━━━ Data under study ━━━

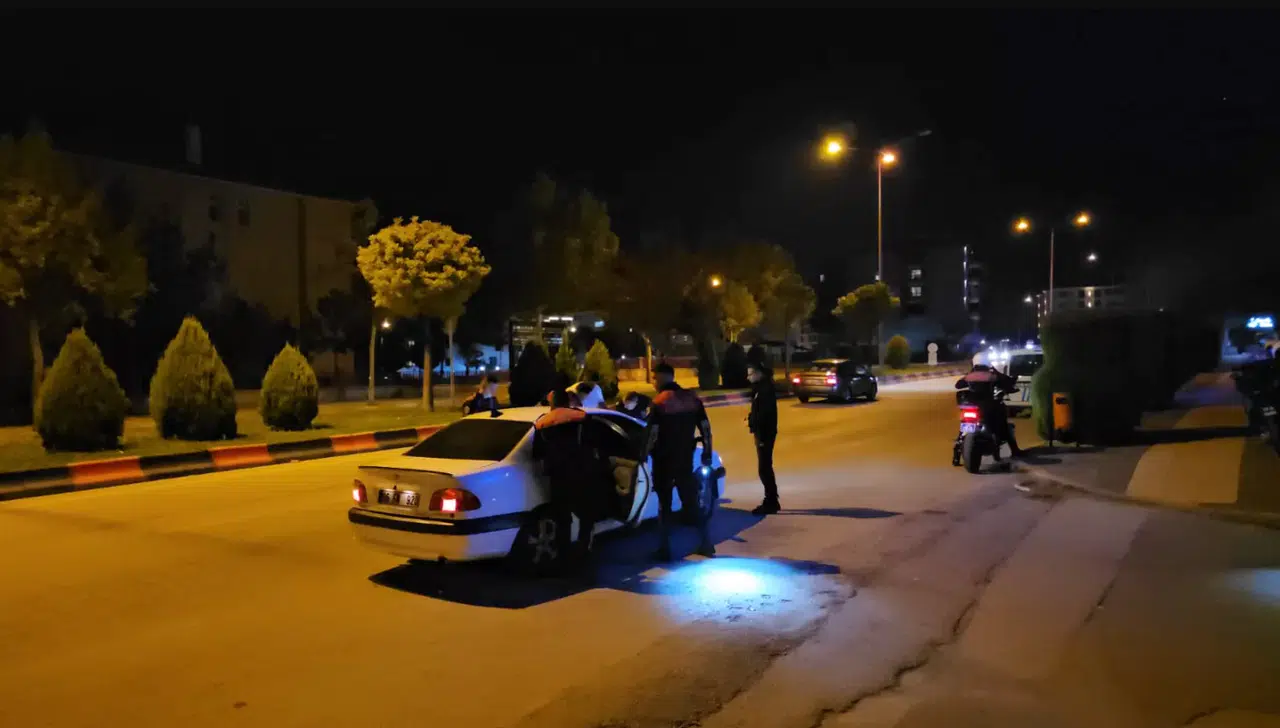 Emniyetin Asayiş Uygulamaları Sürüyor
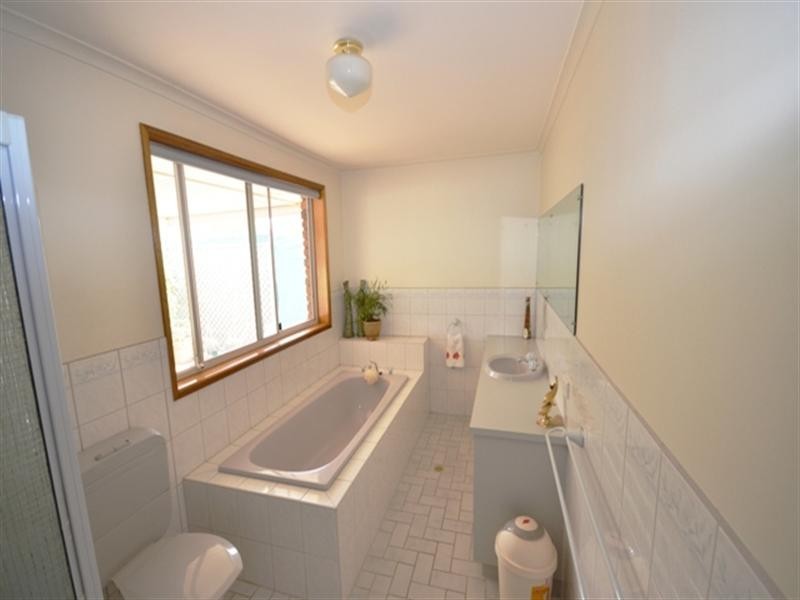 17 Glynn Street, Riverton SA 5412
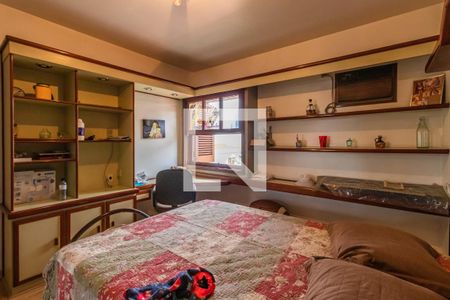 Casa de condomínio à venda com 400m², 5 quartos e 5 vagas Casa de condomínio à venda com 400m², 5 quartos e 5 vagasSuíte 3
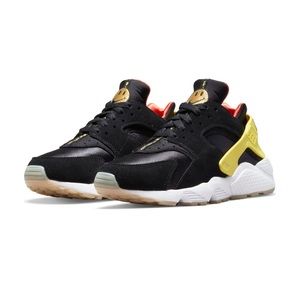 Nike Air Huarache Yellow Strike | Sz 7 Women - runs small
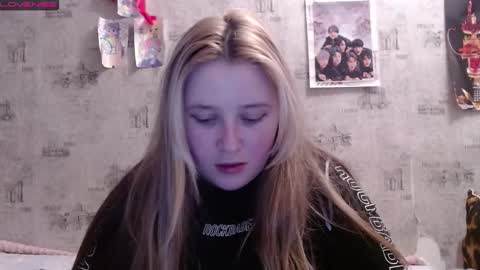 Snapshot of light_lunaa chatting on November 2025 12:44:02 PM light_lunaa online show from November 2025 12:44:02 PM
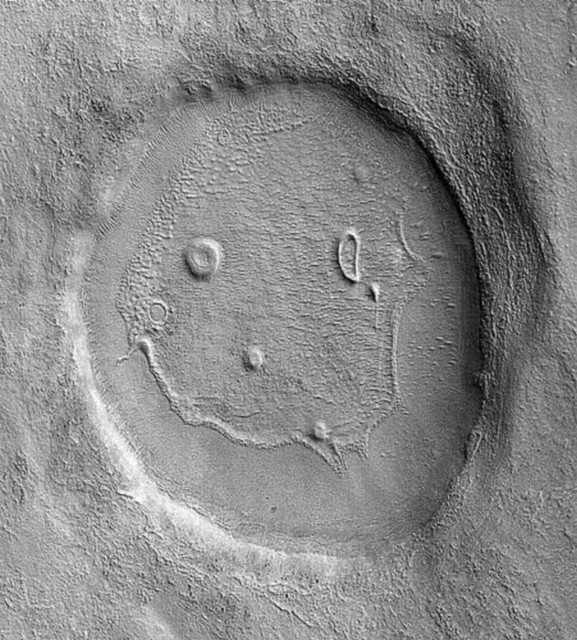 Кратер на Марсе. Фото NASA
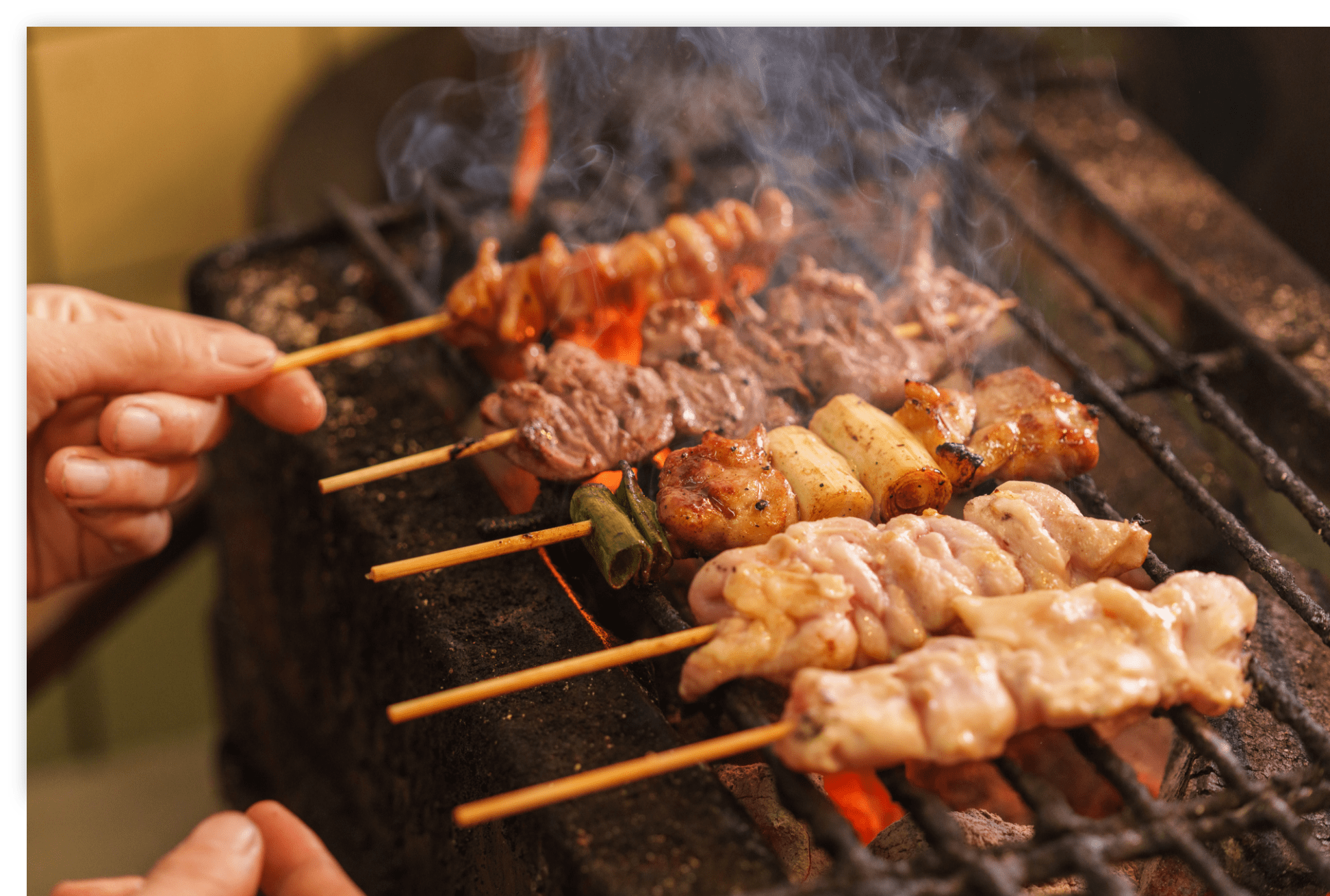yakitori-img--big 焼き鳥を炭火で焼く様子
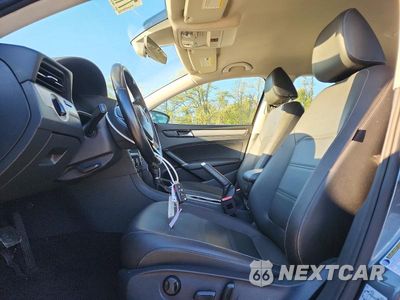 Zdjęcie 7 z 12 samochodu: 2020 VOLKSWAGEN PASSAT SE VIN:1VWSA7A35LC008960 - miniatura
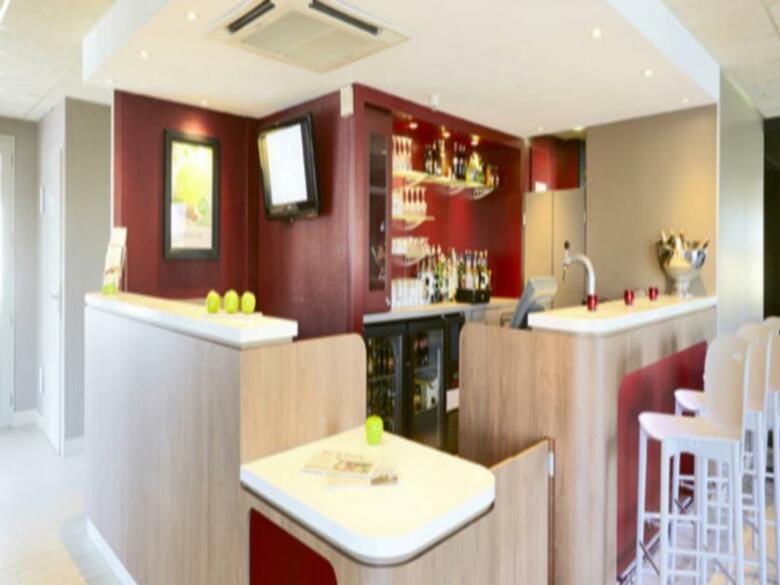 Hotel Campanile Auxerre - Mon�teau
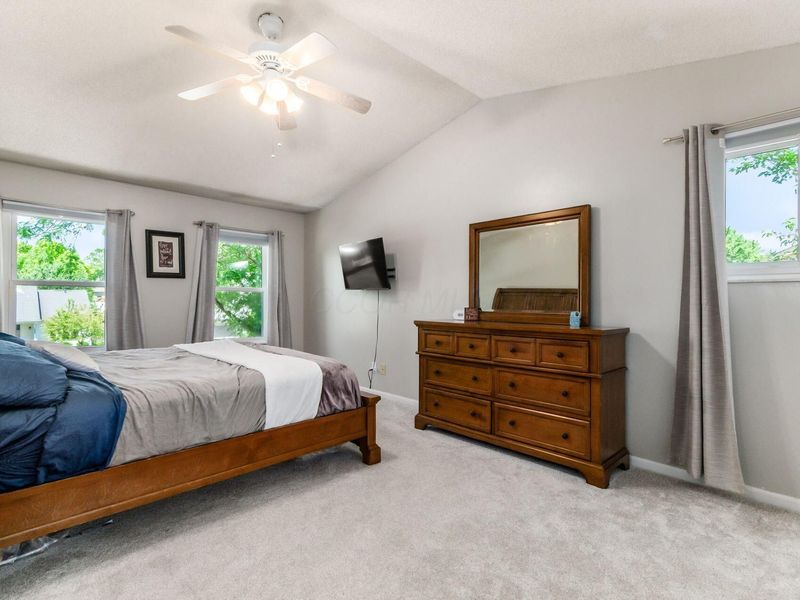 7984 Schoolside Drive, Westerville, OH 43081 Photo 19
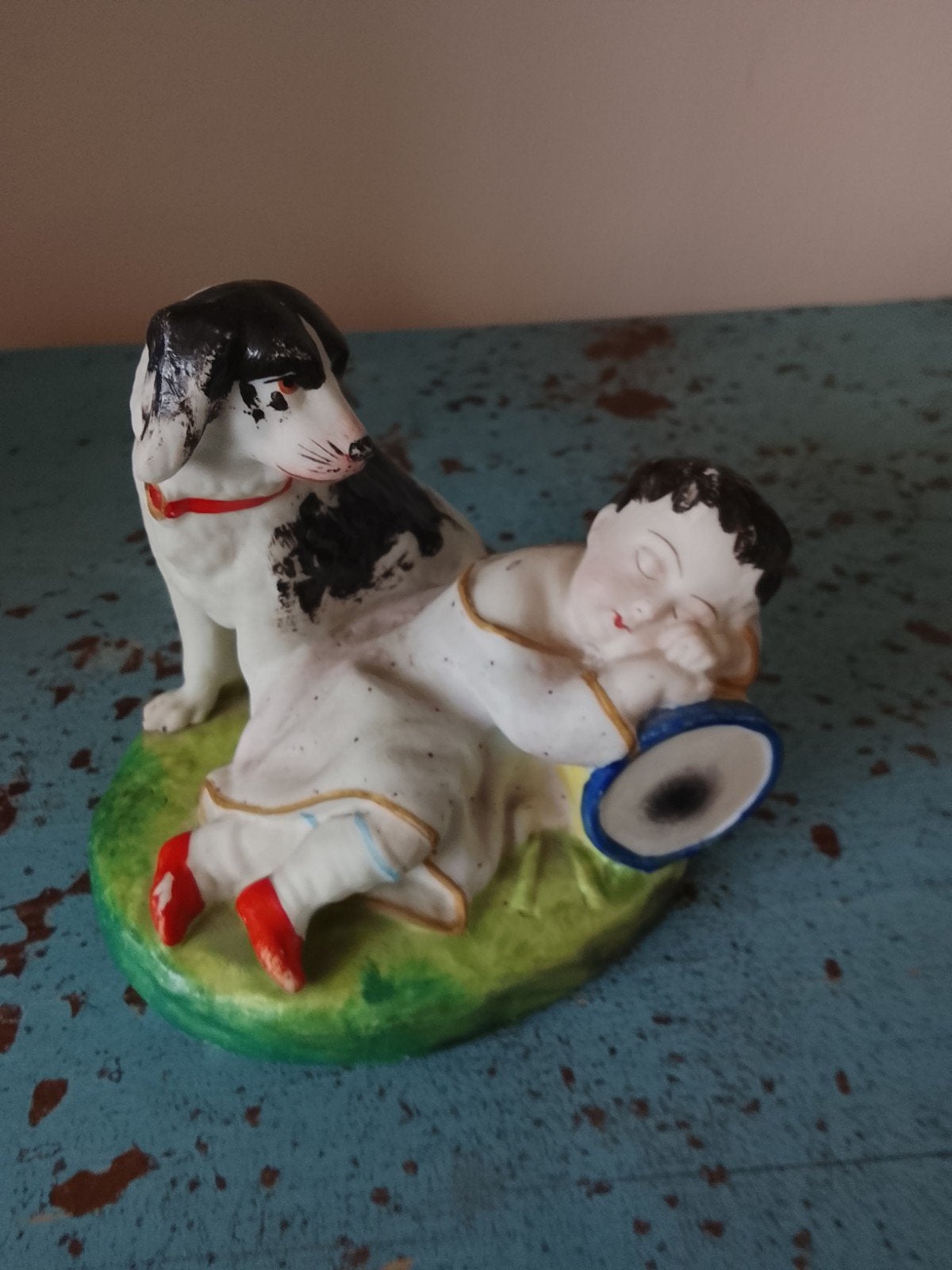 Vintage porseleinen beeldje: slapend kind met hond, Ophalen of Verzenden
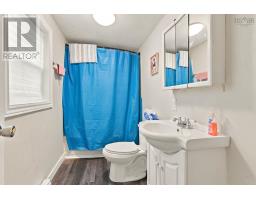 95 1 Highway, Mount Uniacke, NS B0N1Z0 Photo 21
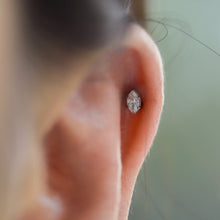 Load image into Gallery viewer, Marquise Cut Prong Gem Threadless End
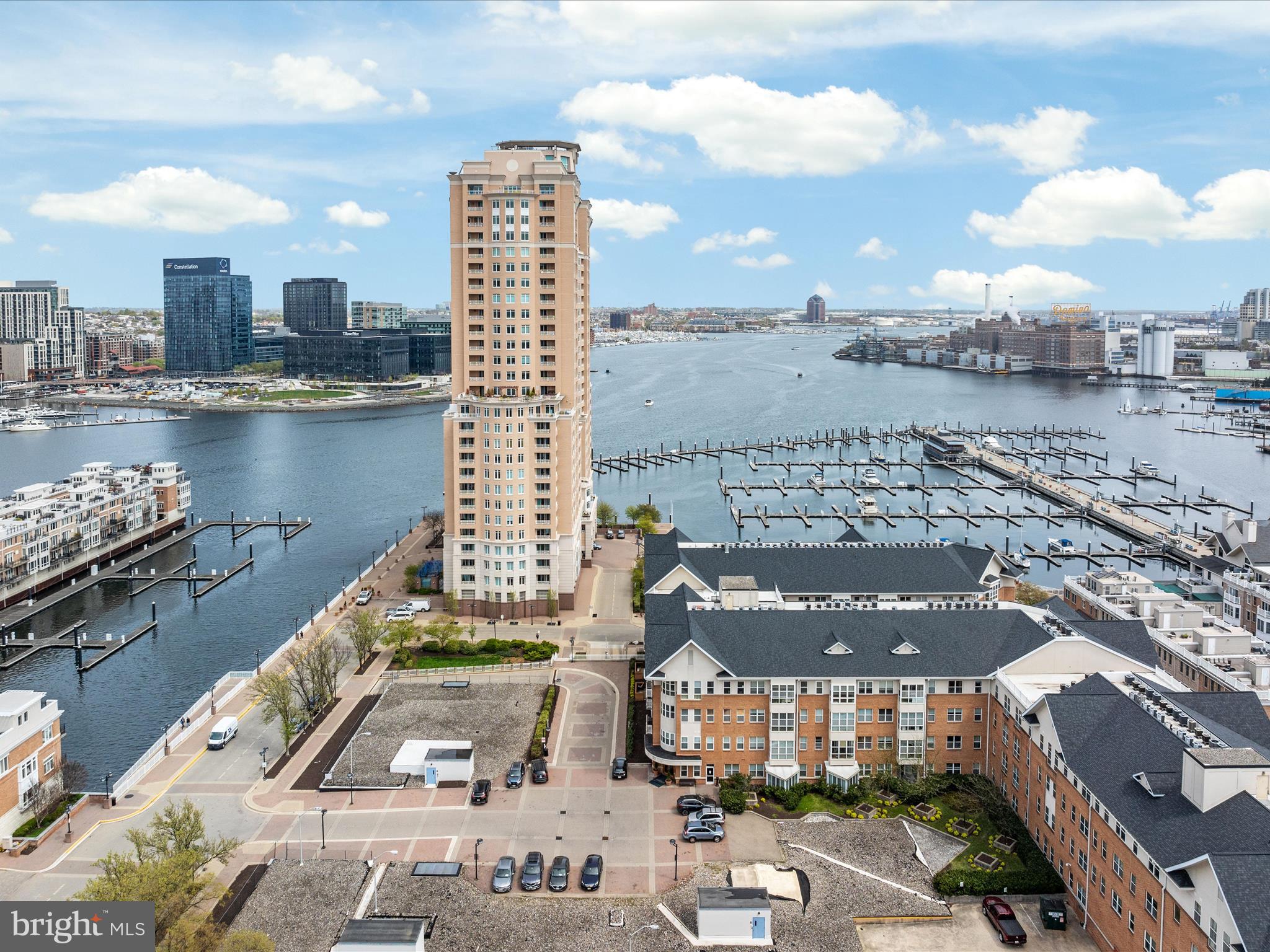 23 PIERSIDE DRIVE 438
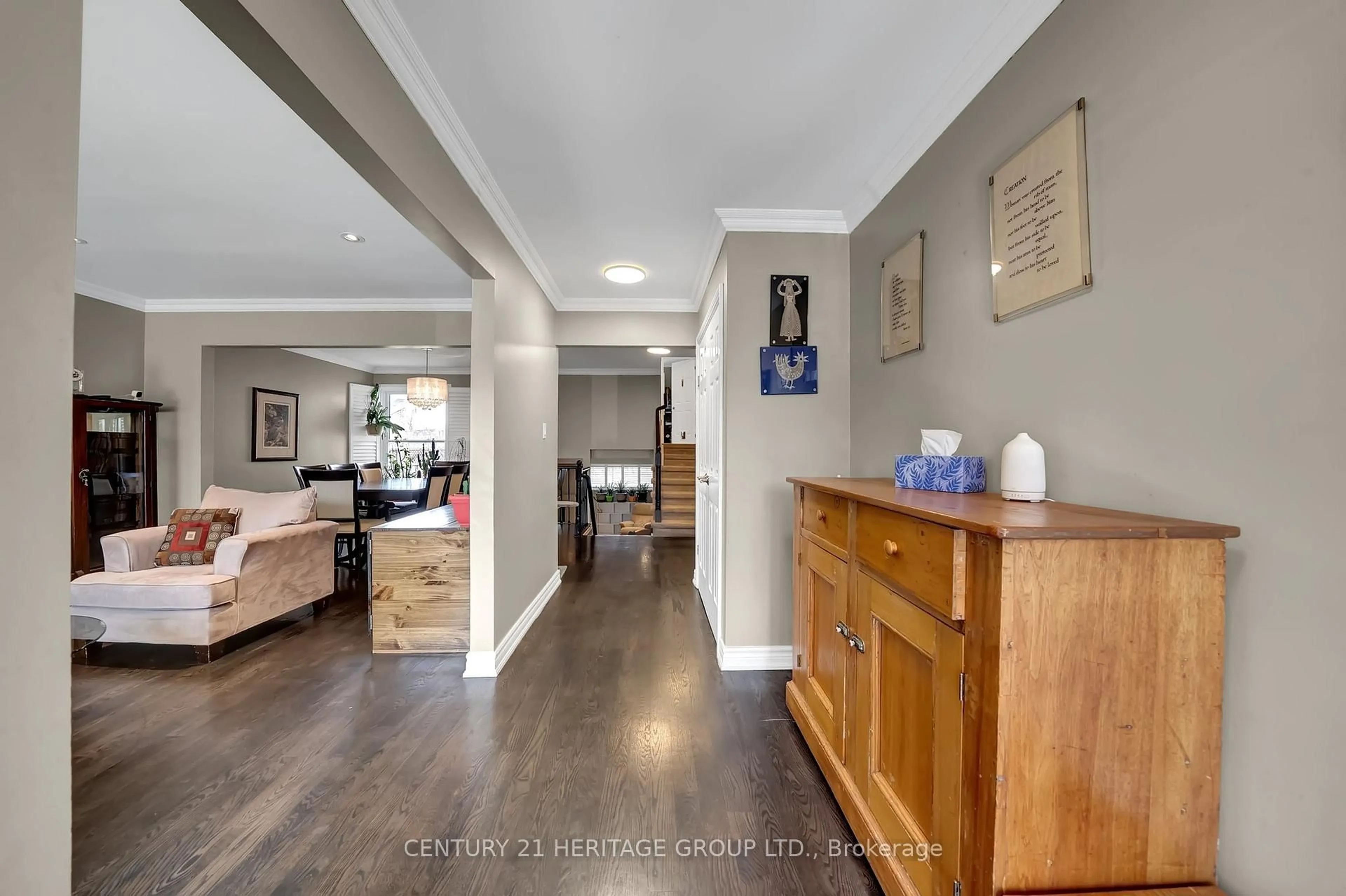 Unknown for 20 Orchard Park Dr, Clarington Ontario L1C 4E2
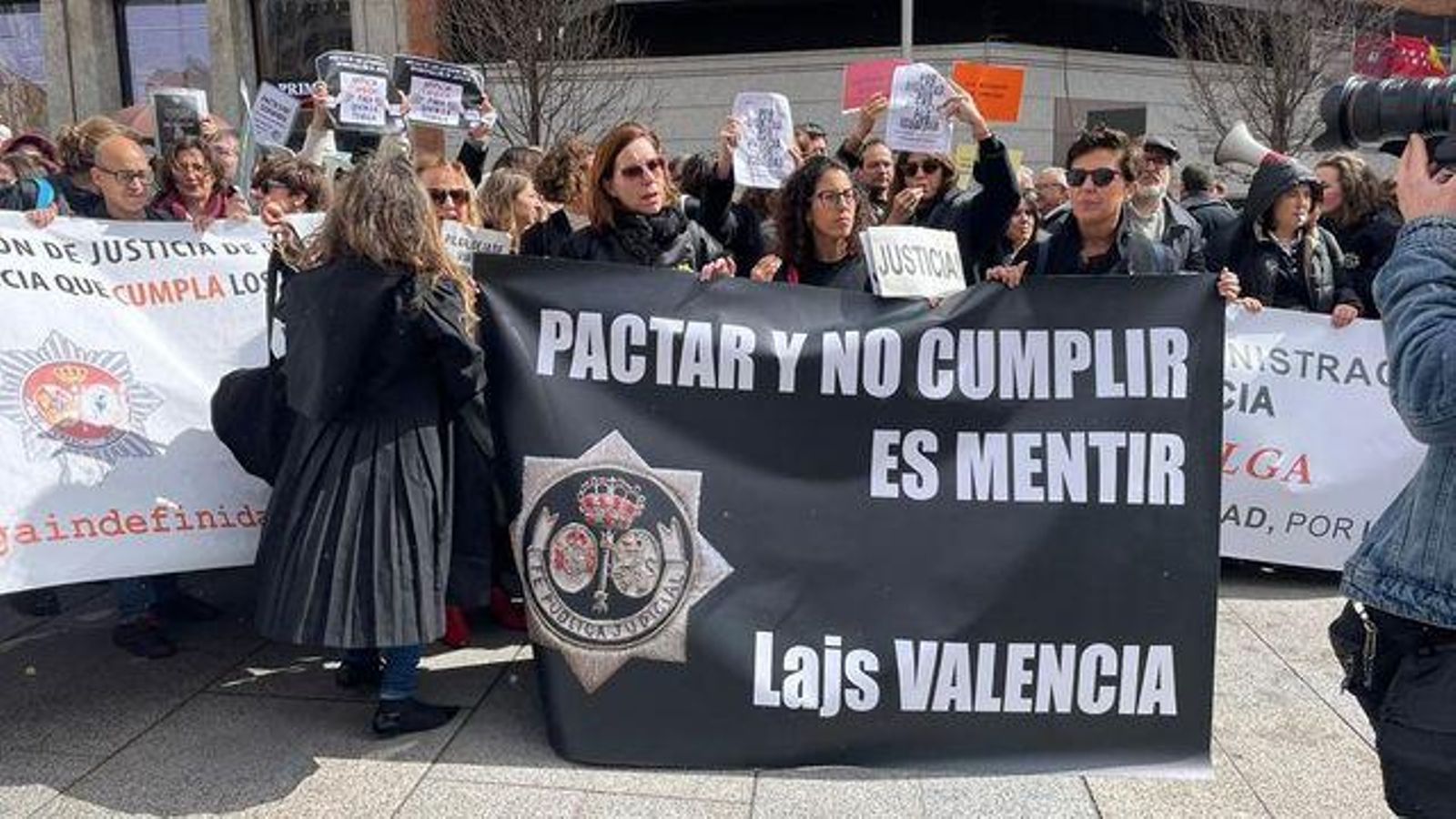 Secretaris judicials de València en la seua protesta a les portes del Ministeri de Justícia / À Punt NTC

━━━

**Task goal**. Quote the material exactly. Pictures stay out.

**Reply**.
 Emniyetin Asayiş Uygulamaları Sürüyor
 17 Glynn Street, Riverton SA 5412
 Casa de condomínio à venda com 400m², 5 quartos e 5 vagas Casa de condomínio à venda com 400m², 5 quartos e 5 vagasSuíte 3
 Nike Air Huarache Yellow Strike | Sz 7 Women - runs small
 Snapshot of light_lunaa chatting on November 2025 12:44:02 PM light_lunaa online show from November 2025 12:44:02 PM
 Кратер на Марсе. Фото NASA
yakitori-img--big 焼き鳥を炭火で焼く様子
 Zdjęcie 7 z 12 samochodu: 2020 VOLKSWAGEN PASSAT SE VIN:1VWSA7A35LC008960 - miniatura
 Hotel Campanile Auxerre - Mon�teau
 7984 Schoolside Drive, Westerville, OH 43081 Photo 19
 Vintage porseleinen beeldje: slapend kind met hond, Ophalen of Verzenden
 95 1 Highway, Mount Uniacke, NS B0N1Z0 Photo 21
 Load image into Gallery viewer, Marquise Cut Prong Gem Threadless End
 23 PIERSIDE DRIVE 438
 Unknown for 20 Orchard Park Dr, Clarington Ontario L1C 4E2
 Secretaris judicials de València en la seua protesta a les portes del Ministeri de Justícia / À Punt NTC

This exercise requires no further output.